PROVIDED INFORMATION:
▬▬▬▬▬▬▬▬▬▬

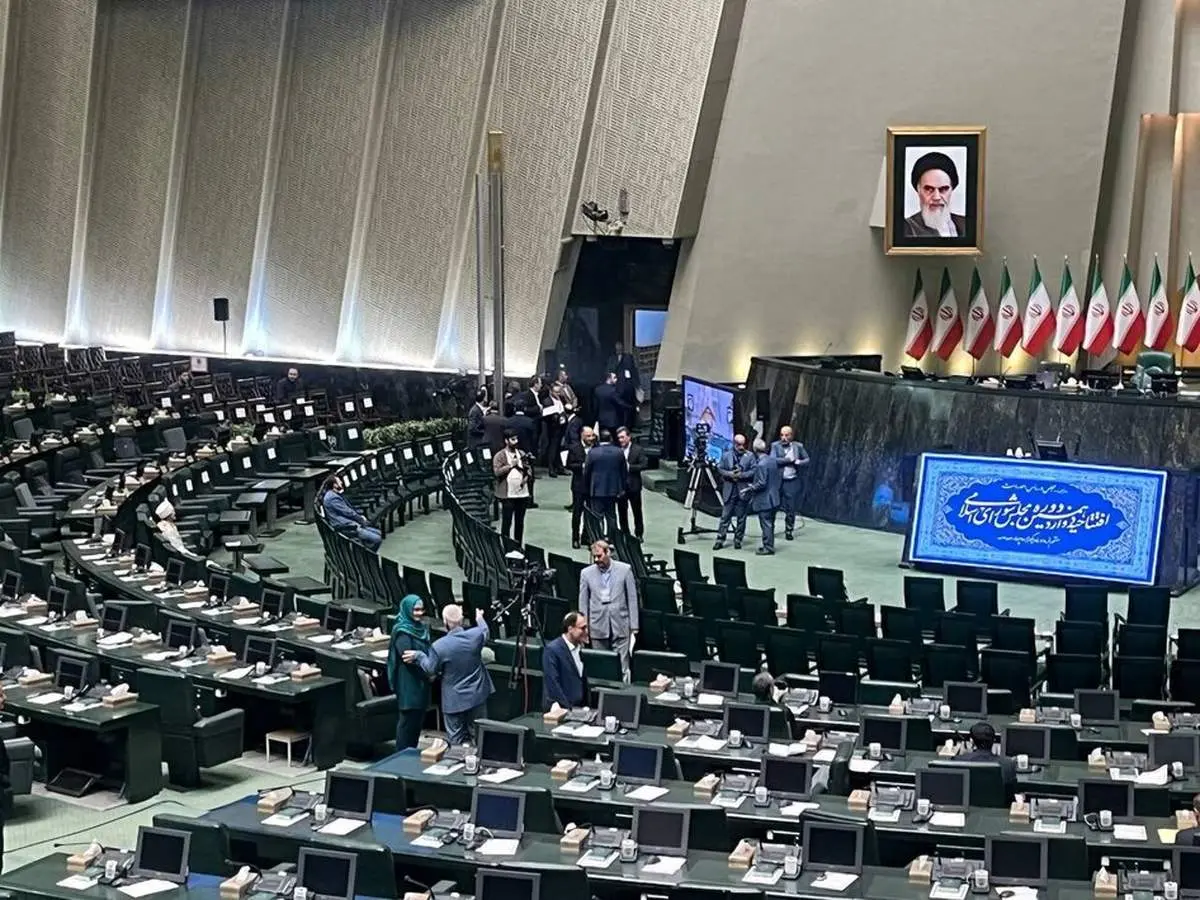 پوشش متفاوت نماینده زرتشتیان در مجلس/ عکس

▬▬▬▬▬▬▬▬▬▬

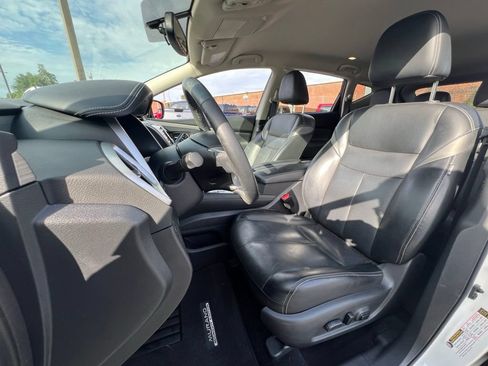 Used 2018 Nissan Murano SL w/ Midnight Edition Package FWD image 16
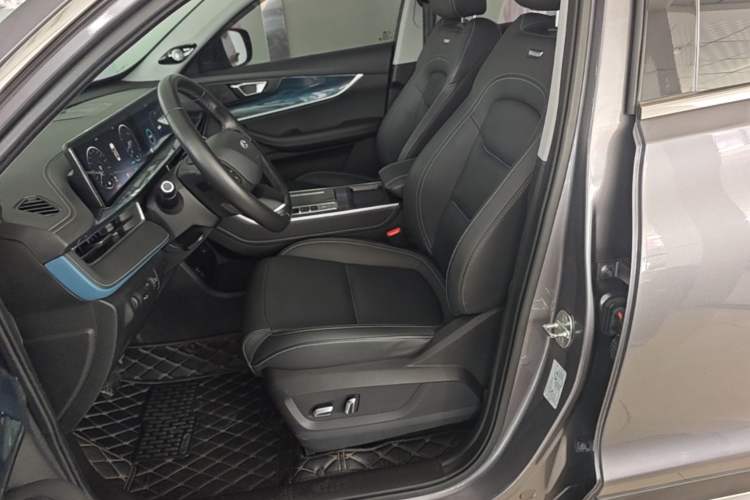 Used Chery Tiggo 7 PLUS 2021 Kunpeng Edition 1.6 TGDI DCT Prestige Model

▬▬▬▬▬▬▬▬▬▬

EXERCISE: In the listing above, find the line containing "Used 2018 Nissan" and the line containing "Used Chery Tiggo", then print exactly those two lines and every line between them, minus the pictures.

TASK ANSWER:
 Used 2018 Nissan Murano SL w/ Midnight Edition Package FWD image 16
 Used Chery Tiggo 7 PLUS 2021 Kunpeng Edition 1.6 TGDI DCT Prestige Model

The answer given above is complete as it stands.